One of the best things I did for Daily Kos when I was getting ready for the 2006 midterm elections was to start using memcached. When I was getting ready for the 2008 elections, I greatly expanded the use of memcached throughout the backend, and it was one of the biggest factors in getting through Election Day in one piece. With a multi-webhead setup like ours, we were able to spread the work around to all the webheads with memcached so the webheads could take advantage of processing done to render pages done by other webheads. Really handy, and it helped keep our load below 3 on Election Night.
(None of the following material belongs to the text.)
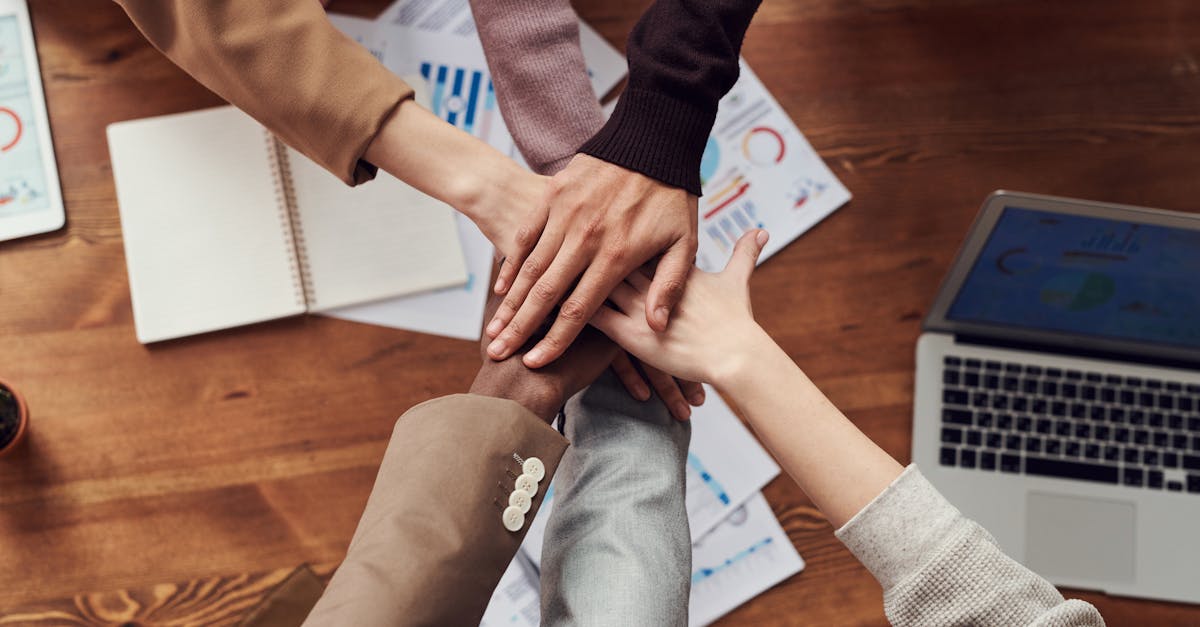 découvrez l'importance du travail d'équipe et comment il renforce la collaboration, stimule la créativité et améliore les performances. explorez des stratégies efficaces pour encourager un environnement de travail harmonieux.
Unfortunately, I saw areas that memcached wasn't perfect. No matter what, it's better than not caching at all, or just caching locally, but using it as your only cache isn't ideal either. Fetching data from memcached over the network takes time that can really add up. You could cache stuff locally in your app too, but the other processes wouldn't be able to take advantage of it.
What I've experimented with, and have perl and ruby clients for, is a tiered cache. Basically, the cache uses memcached for persistent and distributed cache storage, but keeps a fast cache that quickly times out (I've been using 5 seconds, but a shorter time might be better) that's local to the machine it's running on, so all of the processes of your app can make use of it. When your app gets something from the cache, it first looks in the local cache, and if it's not there it looks in memcached. If it's in memcached, it retrieves the data (or, if it's not in memcached, it does whatever the app would do without the cache of course and then puts it in memcached for future use) and stores it in the local cache before moving on. After that, until it times out from the local cache, the app can fetch the data from the fast local cache without having to hit memcached at all. The short expiration time attempts to avoid the problem of data going stale, but both clients provide ways to delete data from the local cache at the same time it's deleted from memcached.
To implement the local cache, the Perl client uses Cache::Mmap (although now I've found Cache::FastMmap, which I don't remember seeing before). The ruby client, developed with the help of the ever helpful wycats uses Berkeley DB for the local cache, but since the ruby client is built with Moneta, swapping BDB out for whatever else you'd prefer would be easy.
I can't find the benchmarks I did back in March or thereabouts, so I'm going to have to recreate them. Some random guy on the internet's memory isn't a good benchmark, after all. I remember that the difference between the tiered cache and just memcached was pretty astonishing, but I don't remember the specifics. I'll get some benchmarks together over the next few days. I do remember that the difference wasn't as extreme if the cache was write heavy, but the tiered cache was significantly faster with a read heavy benchmark (which is more like DKos' cache usage). When the new benchmarks are done, I'll post them.